Pero tengo la manía de ser inestable, de querer jugar a otra cosa, a inventar otras vidas, a desprenderme las alas de mariposa hasta hacerlas sangrar, a ponerme el NO por delante y luego arrepentirme de no haberlo intentado, a plañir yo también como si fuera un delfín al que acostumbraron a vivir en una lata de sardinas.
Manías de querer ser libre donde no se puede, por el bien común, y el sentido así llamado, que ha creado para ti un salón de baile donde nadie quiere bailar contigo, pero en el que algún lejano espejo esquinado te dice todavía lo que eres de verdad, lo que podrías ser o haber sido, la verdadera música de tu alma.
Bueno, está bien; que siga sonando aunque nadie pueda oírla.
Amaremos su belleza inasible como un personaje de novela rusa ama a un ser inalcanzable, con pasión pero en silencio, ningún amor es inútil, nada se pierde, y mientras tanto seguiremos viviendo.
Lo que sea con tal de no convertir el desprecio en una forma de vida.

5 comentarios:

Elvira dijo...

¿Quién dice que nadie puede oírla?

A veces me ataca una sensación de "lo que pudo haber sido y no fue", pero luego veo que hay grandeza en las pequeñas cosas de la vida, según lo que pongas de ti en ellas.

Besos, querida Reyes

NáN dijo...

He leído este post, uno de los más sinceros, brutales y significativos que he encontrado en los blogs, varias veces.

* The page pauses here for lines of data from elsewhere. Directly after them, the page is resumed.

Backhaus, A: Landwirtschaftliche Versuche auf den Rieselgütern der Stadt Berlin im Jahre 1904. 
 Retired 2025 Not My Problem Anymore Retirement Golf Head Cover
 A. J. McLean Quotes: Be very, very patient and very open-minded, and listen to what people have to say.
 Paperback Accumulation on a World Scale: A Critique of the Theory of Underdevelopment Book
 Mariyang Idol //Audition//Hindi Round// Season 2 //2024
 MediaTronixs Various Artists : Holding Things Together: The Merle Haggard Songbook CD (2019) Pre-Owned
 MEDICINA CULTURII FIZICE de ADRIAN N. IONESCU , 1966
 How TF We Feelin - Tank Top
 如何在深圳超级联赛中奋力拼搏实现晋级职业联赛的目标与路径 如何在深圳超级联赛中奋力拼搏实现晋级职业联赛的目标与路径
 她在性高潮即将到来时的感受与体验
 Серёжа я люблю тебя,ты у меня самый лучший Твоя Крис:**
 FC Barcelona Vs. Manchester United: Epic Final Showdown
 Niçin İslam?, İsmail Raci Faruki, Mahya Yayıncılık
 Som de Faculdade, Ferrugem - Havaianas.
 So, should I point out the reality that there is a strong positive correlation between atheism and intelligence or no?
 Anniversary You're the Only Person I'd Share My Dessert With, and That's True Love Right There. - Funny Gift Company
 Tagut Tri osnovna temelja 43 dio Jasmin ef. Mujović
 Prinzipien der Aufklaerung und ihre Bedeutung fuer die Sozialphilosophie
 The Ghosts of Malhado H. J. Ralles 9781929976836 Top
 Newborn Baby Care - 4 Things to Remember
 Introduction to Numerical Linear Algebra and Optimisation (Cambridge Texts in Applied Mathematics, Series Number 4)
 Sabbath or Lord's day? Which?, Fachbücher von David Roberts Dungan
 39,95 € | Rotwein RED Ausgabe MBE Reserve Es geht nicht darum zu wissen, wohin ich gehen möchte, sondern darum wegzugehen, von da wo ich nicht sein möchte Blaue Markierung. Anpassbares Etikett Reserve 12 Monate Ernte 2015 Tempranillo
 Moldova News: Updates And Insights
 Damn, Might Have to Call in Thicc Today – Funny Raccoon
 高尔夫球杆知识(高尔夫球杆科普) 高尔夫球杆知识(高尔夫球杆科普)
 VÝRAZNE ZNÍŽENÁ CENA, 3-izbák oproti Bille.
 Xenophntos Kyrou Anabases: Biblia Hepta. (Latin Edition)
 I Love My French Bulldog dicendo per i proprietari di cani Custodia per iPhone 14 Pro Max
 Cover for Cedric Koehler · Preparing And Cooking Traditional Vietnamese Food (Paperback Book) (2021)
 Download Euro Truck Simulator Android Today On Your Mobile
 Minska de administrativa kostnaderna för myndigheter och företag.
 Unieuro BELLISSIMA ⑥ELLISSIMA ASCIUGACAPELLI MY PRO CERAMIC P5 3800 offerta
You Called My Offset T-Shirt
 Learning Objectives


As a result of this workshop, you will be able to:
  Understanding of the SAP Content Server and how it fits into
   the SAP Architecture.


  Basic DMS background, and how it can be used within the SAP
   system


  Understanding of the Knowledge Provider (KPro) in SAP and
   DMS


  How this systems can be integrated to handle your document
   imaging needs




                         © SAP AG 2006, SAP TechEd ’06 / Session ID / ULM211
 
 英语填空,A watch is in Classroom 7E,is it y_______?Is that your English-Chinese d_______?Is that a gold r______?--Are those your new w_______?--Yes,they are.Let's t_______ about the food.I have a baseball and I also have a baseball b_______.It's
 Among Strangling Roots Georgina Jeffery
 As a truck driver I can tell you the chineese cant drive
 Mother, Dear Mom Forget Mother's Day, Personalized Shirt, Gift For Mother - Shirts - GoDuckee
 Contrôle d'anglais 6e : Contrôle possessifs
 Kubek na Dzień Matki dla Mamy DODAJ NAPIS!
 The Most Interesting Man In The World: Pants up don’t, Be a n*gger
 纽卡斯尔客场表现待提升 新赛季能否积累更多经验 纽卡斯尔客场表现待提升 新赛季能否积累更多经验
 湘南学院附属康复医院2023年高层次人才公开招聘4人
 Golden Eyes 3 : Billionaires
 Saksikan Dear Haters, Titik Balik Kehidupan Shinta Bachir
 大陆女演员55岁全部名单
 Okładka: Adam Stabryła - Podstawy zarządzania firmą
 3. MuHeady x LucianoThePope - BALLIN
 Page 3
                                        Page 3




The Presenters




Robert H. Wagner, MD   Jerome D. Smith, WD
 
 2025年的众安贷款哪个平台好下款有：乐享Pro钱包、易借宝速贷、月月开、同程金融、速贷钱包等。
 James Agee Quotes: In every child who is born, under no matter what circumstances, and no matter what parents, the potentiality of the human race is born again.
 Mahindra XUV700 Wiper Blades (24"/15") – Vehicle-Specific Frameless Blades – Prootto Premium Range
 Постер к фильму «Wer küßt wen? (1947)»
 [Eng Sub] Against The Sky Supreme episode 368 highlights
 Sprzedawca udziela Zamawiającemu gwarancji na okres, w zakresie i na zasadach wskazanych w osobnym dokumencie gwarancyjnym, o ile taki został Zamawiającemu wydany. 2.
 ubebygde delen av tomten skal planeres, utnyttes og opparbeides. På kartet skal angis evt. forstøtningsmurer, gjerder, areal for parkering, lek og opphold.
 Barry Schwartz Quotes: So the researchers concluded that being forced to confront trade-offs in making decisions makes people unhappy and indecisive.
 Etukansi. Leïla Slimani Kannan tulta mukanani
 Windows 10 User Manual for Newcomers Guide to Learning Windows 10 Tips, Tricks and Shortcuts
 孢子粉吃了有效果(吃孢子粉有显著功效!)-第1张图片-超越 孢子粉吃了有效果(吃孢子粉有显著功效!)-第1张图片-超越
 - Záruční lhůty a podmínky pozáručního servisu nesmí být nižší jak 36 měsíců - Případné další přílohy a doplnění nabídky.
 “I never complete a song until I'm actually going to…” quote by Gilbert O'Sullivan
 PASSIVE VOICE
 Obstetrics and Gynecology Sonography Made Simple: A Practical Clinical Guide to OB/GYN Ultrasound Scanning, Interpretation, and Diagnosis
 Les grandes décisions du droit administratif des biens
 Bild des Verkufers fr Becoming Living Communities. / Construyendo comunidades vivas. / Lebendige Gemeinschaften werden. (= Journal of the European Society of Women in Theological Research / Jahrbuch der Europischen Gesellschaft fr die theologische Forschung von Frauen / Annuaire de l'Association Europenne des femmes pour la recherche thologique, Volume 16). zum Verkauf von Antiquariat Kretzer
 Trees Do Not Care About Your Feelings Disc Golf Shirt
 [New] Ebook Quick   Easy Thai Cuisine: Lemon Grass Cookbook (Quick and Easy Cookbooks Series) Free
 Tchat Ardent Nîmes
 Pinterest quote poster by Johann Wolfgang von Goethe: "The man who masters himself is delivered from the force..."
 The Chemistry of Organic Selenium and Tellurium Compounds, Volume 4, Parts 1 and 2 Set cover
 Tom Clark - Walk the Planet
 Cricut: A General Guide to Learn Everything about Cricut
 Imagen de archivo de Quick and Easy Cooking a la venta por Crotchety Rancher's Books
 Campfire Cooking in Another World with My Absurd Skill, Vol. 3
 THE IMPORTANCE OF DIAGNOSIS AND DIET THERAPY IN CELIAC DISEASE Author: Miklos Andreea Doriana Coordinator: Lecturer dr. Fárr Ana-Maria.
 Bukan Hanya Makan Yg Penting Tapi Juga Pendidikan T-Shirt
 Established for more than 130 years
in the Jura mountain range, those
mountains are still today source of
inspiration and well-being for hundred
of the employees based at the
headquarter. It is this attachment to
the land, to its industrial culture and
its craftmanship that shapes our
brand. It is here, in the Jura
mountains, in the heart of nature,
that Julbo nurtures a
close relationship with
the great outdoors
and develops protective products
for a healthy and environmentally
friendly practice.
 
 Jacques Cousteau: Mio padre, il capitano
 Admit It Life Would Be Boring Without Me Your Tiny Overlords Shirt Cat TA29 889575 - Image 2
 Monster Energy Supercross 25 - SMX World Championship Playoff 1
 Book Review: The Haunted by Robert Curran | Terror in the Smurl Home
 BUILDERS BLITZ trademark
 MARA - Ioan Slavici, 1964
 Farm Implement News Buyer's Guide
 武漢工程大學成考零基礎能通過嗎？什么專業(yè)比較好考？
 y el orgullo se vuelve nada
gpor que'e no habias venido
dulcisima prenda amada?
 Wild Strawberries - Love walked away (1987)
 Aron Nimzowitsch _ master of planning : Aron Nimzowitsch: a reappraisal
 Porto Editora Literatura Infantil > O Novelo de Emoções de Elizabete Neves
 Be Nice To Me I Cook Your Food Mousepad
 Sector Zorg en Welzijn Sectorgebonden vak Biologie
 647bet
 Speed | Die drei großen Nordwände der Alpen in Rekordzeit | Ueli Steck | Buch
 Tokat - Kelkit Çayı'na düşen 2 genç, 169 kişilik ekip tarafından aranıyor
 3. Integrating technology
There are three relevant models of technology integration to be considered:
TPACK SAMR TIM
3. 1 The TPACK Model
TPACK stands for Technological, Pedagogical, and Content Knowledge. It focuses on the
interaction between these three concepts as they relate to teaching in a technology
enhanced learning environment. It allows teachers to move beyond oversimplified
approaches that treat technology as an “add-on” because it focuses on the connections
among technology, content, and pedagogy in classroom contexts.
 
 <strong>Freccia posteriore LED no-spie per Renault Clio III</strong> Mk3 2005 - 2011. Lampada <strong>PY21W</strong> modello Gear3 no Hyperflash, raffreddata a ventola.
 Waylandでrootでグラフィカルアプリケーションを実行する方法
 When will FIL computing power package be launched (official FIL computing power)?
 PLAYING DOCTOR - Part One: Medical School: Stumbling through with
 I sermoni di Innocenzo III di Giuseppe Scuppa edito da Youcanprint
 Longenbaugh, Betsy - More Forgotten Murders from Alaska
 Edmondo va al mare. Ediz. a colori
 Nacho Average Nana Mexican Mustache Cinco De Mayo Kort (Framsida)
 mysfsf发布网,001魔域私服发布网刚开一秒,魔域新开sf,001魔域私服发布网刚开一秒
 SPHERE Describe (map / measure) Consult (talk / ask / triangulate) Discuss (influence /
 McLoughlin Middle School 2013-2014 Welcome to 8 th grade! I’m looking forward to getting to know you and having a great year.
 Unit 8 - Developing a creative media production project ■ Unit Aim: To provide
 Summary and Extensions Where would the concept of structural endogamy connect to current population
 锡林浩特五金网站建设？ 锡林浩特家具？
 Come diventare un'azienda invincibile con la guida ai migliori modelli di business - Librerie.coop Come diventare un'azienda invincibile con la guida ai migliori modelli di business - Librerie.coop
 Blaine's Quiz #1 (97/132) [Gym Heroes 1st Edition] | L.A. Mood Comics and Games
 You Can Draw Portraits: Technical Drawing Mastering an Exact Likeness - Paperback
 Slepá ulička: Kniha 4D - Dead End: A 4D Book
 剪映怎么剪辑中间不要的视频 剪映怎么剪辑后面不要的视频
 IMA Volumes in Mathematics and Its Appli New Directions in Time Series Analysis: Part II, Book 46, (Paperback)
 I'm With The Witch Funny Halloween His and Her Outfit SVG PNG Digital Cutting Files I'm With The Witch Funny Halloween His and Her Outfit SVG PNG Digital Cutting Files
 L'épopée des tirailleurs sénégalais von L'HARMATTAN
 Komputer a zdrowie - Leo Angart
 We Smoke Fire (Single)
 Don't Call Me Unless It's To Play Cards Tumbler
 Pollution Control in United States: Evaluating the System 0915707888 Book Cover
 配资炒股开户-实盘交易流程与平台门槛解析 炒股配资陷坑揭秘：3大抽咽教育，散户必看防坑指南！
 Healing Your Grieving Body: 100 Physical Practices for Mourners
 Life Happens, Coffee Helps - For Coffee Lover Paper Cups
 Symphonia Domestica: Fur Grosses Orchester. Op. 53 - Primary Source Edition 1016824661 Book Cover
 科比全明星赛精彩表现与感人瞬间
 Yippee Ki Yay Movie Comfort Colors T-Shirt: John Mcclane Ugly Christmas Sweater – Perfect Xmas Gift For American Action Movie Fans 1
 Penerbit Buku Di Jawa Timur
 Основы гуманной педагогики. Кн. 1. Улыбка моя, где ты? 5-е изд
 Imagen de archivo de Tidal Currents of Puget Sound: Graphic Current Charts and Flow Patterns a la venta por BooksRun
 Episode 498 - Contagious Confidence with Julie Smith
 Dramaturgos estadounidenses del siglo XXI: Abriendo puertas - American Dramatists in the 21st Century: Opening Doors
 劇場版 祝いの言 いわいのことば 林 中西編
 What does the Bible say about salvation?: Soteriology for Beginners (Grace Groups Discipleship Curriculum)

Y solo puedo enviarte un abrazo y la seguridad de tu valor y del valor de lo que escribes.

Muchos besos.

Dol dijo...

Querida Elvira, olvidé completamente volver al blog después de decir que venía, hablamos pronto, sigo en la rueda del dolor. Tienes razón, poner de nosotros en las pequeñas cosas es casi lo único que podemos hacer y lo cierto es que florecen. Un abrazo grande

Dol dijo...

Nán, gracias por seguir leyendo mis lloriqueos,y ponerlos en valor como se dice ahora.
Otro abrazo para ti

Isabel dijo...

Qué razón tinen Elvira y NáN. Lo han dicho ellos ya, solo me queda abrazarte.